[Material provided]

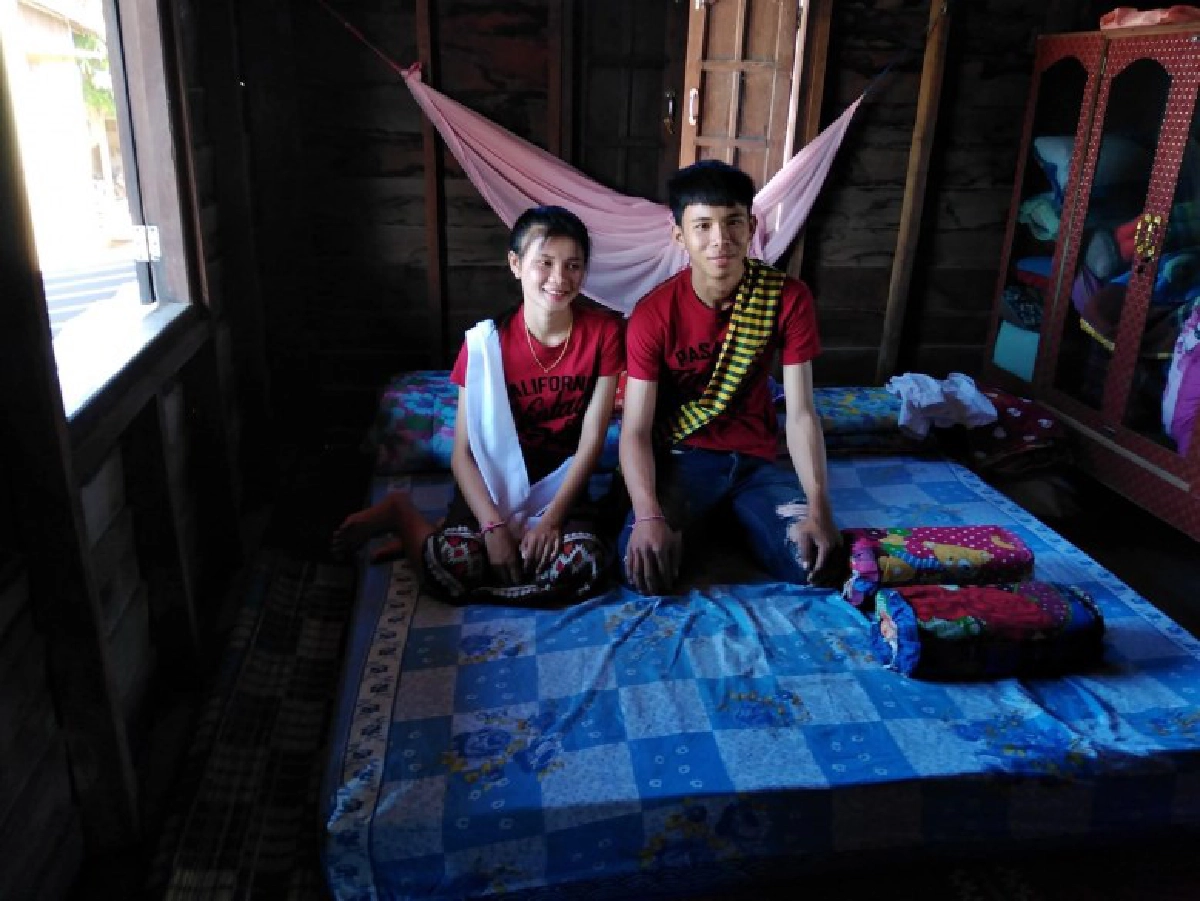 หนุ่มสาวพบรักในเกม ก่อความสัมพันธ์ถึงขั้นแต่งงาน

[/Material provided]
[Material provided]

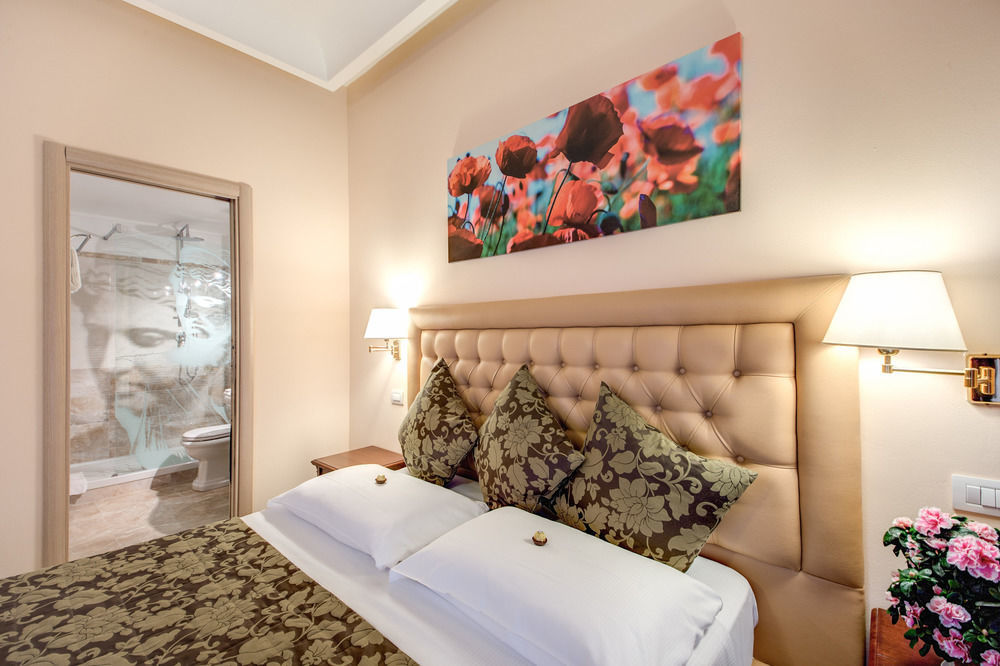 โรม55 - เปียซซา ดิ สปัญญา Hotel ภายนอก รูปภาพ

[/Material provided]
[Material provided]

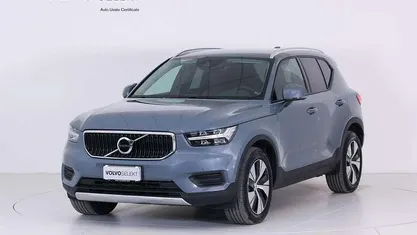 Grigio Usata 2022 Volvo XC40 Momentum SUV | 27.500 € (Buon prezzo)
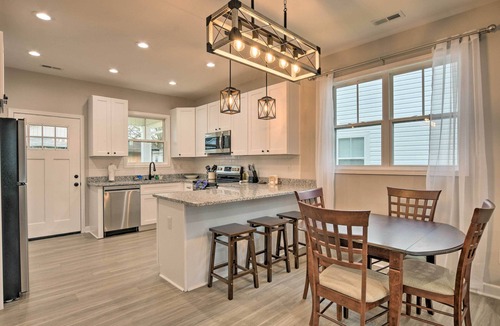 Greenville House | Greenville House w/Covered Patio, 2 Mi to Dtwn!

[/Material provided]

Problem to solve
In the records above, find the line with "Grigio Usata 2022". Print exactly from there through the line with "Greenville House |", minus the pictures.

Reply to the exercise
 Grigio Usata 2022 Volvo XC40 Momentum SUV | 27.500 € (Buon prezzo)
 Greenville House | Greenville House w/Covered Patio, 2 Mi to Dtwn!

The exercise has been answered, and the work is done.